Sonko was put into one of three vehicles parked on the street and driven away to an unknown location.
The following day, his relatives submitted complaints to the occupation authorities over Volodymyr’s abduction. However, they received no information.
Later, Iryna Sonko learned from released civilians that her son had first been taken to a vocational training facility in Lyptsi, Kharkiv Oblast, where he was tortured, and was then transferred to the village of Hoptivka, where a border checkpoint with Russia is located.
“There was a Russian headquarters at the facility where detained civilians were interrogated and then sent on. Some were taken to Strileche, others to Hoptivka, where there was a customs checkpoint and where my son was held. They were kept in cages in basements until they were taken to Russia in September,” the woman says.

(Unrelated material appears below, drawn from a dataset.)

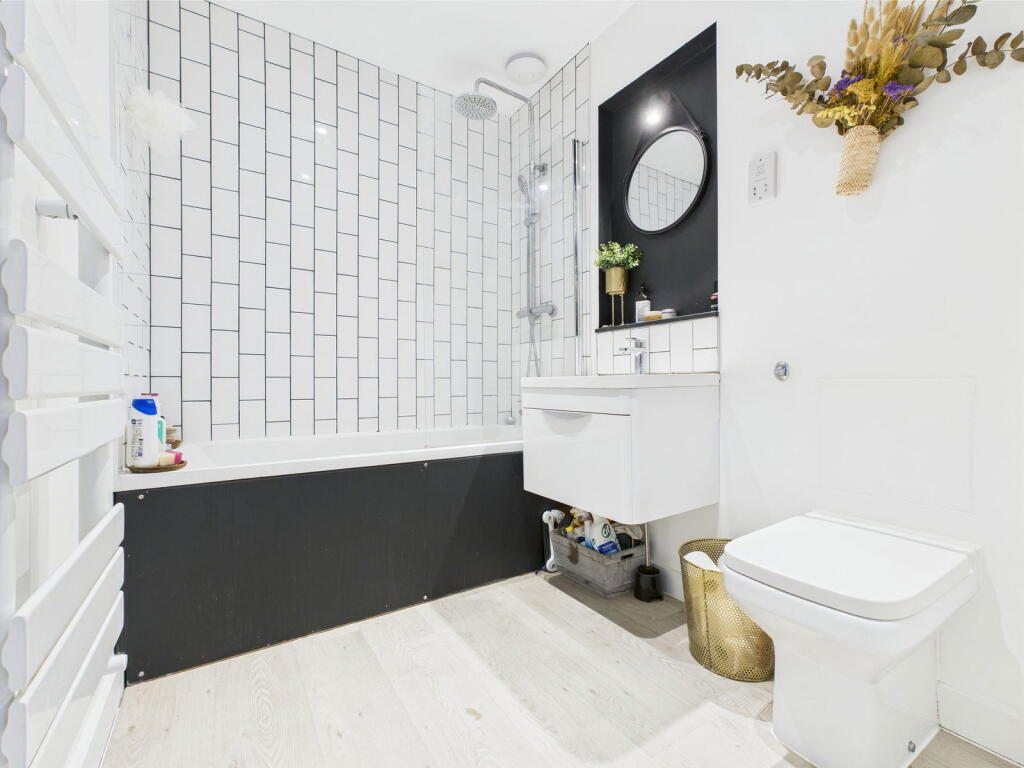 Additional image 8 of Luxor Court, South Street, Lancing, BN15 8FH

She later learned that Volodymyr had been taken to the village of Rzhevka in Russia’s Belgorod region and then transferred to Stary Oskol, Russia.
“Released detainees said he was severely exhausted. He had previously suffered from kidney failure,” his mother notes.

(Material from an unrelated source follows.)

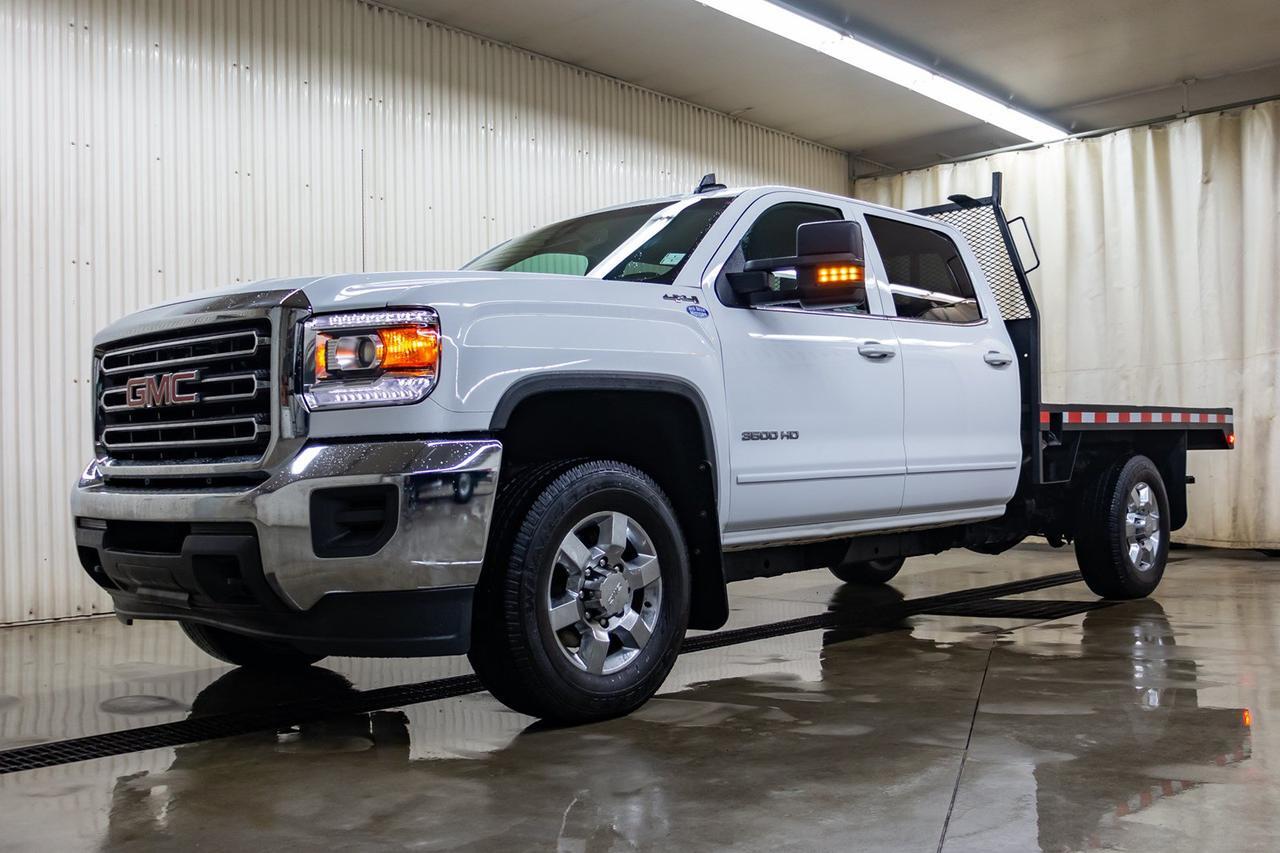 2018 GMC Sierra 3500HD 4x4 Crew Cab SLE Deck Red Deer AB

In 2023, Iryna Sonko received two letters from Volodymyr in which he wrote that “he was fine and would be home soon.”
“He is registered with the International Committee of the Red Cross. We used the ICRC to pass letters to our son, and we also filed a complaint with the UN“, the woman says.
Earlier, ZMINA reported that blogger Serhii Stroiev, the brother of Quest Pistols member Anton Savlepov, was abducted in the rural settlement Kivsharivka near Kupiansk, Kharkiv Oblast, on April 28, 2022. FSB officers seized him near his home, searched the flat, and drove him away to an unknown location. His mother was initially told he had been taken to Belgorod “for re-education,” but was later told he had been moved to a place whose name they did not know. His whereabouts remain unknown, and he is considered missing.
Another resident of the village of Bohdanivka in Kharkiv Oblast, Mykhailo Slobodian, was abducted from his home on March 8, 2023. In Ukraine, he is considered missing, but his family has received information that he is being held in a detention camp for civilian detainees in the Belgorod region, where Russian deserters are also kept.
According to Slobodian’s mother, nothing is known about the detainees in the camp, as no Ukrainians have been returned from there as part of prisoner exchanges.